Ma questi sono casi isolati. Il Vicenza è stato sommerso da una situazione societaria ben poco chiara con una cordata di possibili acquirenti che si è defilata, come è risultato chiaro fin dal messa in liquidazione del veicolo lussemburghese a monte di questi compratori poco chiari. Alla fine la mancata cessione ha sommerso tutto vanificando anche una partenza di campionato incoraggiante con le prime giornate nelle posizioni di vertice. In precedenza avevano pagato la discesa dalla B alla C società come Mantova (2010) e Lanciano (2016) fino a pochi mesi prima protagoniste di storie molto positive sul campo e fuori. È la dura realtà di una categoria che perde 80-90 milioni all’anno.

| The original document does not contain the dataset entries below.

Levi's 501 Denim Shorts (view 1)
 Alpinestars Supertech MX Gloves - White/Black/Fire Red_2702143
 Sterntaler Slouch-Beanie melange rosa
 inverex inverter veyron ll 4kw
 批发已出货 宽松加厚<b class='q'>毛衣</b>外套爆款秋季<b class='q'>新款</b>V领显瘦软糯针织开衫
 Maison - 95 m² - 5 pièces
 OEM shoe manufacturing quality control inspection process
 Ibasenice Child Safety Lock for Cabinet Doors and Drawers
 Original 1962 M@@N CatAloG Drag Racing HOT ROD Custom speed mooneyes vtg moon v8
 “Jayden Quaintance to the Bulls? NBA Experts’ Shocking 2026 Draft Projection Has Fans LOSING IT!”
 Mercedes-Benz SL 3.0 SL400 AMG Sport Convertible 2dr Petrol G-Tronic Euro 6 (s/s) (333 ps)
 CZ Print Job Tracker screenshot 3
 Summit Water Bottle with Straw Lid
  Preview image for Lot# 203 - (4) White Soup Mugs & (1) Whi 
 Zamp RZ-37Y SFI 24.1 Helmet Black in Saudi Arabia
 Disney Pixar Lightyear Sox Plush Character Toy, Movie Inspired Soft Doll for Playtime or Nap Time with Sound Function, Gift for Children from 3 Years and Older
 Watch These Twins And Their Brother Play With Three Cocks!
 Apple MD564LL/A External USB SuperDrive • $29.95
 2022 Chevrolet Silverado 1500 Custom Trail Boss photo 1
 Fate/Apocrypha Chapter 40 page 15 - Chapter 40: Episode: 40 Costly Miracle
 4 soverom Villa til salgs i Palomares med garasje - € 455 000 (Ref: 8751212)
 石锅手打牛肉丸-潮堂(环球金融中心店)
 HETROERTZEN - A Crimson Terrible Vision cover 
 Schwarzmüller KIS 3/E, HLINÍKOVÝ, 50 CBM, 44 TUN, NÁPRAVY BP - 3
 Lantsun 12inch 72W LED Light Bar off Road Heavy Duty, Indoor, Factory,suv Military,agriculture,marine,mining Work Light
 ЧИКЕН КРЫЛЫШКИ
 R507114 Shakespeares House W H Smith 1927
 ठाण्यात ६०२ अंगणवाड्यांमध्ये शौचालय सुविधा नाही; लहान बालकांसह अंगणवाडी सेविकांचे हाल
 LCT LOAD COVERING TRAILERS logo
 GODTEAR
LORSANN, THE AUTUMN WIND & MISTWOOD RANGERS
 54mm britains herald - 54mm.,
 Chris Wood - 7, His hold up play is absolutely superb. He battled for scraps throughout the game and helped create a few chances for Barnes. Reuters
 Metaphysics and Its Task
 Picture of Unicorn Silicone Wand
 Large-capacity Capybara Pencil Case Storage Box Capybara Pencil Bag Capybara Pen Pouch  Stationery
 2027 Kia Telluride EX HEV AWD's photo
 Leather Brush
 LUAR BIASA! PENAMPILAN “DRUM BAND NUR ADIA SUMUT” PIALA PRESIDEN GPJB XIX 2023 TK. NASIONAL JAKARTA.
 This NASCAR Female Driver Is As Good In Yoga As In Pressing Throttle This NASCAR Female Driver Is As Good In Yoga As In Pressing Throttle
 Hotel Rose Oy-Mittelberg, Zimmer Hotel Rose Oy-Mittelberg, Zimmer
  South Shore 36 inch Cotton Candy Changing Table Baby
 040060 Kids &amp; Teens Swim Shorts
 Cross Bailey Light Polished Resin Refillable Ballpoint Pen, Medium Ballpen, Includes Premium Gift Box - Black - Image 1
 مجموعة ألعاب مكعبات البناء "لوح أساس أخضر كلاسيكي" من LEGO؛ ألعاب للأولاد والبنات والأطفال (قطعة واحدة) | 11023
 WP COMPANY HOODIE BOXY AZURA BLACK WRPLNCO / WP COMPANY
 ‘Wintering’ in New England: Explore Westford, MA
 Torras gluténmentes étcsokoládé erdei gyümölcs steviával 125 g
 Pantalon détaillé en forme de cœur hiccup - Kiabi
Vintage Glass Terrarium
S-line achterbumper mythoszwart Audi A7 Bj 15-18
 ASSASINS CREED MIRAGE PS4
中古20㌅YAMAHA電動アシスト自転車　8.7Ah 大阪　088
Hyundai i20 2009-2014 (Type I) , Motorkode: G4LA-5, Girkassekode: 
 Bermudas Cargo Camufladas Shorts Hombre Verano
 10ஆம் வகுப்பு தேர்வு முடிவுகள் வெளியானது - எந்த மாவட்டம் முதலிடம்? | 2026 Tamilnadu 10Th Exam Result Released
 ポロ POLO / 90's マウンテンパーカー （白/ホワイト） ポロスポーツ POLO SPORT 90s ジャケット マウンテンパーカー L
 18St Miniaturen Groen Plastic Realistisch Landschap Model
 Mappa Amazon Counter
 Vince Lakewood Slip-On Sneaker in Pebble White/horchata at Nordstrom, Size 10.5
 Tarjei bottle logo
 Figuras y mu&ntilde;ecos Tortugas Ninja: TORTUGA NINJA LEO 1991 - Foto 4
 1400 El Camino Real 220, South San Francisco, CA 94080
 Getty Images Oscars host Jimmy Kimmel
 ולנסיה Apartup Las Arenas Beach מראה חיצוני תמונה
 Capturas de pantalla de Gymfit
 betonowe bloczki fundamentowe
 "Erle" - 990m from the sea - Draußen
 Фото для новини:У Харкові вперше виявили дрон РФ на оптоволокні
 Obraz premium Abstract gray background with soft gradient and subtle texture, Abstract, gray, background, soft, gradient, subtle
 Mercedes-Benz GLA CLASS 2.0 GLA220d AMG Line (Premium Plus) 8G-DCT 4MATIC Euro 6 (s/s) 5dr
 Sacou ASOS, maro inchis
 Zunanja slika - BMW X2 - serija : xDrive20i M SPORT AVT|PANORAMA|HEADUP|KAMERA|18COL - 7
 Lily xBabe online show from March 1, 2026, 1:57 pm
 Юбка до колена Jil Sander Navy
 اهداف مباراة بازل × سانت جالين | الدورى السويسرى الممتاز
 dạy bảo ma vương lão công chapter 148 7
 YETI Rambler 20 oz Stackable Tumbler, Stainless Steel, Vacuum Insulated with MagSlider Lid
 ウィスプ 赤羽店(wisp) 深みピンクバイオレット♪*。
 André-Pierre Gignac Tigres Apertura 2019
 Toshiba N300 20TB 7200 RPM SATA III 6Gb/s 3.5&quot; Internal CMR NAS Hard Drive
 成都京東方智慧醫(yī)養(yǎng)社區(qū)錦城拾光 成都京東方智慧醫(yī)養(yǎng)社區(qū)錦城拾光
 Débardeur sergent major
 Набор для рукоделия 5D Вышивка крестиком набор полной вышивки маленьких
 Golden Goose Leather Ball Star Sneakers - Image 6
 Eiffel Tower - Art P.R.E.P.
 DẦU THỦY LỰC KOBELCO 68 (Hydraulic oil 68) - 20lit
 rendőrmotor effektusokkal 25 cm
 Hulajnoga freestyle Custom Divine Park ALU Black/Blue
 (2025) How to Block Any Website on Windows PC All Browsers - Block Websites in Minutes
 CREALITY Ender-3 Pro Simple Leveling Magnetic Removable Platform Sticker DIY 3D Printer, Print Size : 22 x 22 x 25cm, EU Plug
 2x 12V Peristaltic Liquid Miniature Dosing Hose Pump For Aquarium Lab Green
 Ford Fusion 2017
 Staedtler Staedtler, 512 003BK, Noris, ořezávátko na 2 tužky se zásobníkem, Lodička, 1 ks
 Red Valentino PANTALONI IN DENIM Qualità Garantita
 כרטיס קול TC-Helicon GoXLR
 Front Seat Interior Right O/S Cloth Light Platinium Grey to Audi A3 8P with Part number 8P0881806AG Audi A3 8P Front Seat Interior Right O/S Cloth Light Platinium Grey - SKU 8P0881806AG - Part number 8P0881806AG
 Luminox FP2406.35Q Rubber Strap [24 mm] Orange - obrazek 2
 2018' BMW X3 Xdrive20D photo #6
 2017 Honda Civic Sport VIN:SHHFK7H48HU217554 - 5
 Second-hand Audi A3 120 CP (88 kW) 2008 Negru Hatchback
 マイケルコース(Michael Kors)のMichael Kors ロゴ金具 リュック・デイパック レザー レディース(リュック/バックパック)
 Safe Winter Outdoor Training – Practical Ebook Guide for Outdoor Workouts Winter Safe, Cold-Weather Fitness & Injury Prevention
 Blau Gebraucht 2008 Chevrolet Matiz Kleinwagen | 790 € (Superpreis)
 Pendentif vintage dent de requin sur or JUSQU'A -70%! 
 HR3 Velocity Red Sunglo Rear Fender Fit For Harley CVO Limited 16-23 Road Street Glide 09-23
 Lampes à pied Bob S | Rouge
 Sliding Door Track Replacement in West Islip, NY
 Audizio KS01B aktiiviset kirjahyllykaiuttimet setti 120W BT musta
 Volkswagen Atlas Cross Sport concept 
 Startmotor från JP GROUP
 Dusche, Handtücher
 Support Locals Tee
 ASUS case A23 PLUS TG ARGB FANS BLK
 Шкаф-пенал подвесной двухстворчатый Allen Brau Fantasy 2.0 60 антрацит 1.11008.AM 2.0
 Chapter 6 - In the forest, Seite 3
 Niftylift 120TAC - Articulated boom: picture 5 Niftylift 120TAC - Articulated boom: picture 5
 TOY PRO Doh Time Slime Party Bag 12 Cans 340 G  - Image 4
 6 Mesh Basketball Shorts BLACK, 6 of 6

Significa che ogni club in media ha un “rosso” di un milione e mezzo. Poco per qualcuno, troppo per altri. E quando esiste già un deficit precedente, l’equilibrio salta. Ecco perché in Serie C resistono solo proprietà molto solide.
La faccia luccicante di questa medaglia è rappresentata dalle squadre capaci di compiere il doppio salto dalla Lega Pro alla Serie A, come successo negli ultimi anni a Novara, Carpi, Frosinone e Spal, proprio in virtù di una base molto ben organizzata. Imprenditori come Stirpe e Colombarini hanno alle spalle realtà industriali molto solide. Ma chi non rientra in questo gruppo di potenze economiche fatica a restare a galla perché non esistono diritti tv da nababbi come in A oppure mutualità e paracadute come in B. Gravina non chiede assistenzialismo per la Serie C. Preferisce parlare di «sostenibilità» più che di «mutualità» oppure di maxi compensazioni come quelle che toccano alla retrocesse dalla massima divisione ai cadetti. «Deve esserci un sistema di premialità complessiva nei confronti dei comportamenti virtuosi della nostra categoria», spiega Gravina riferendosi in particolare all’utilizzo dei giovani.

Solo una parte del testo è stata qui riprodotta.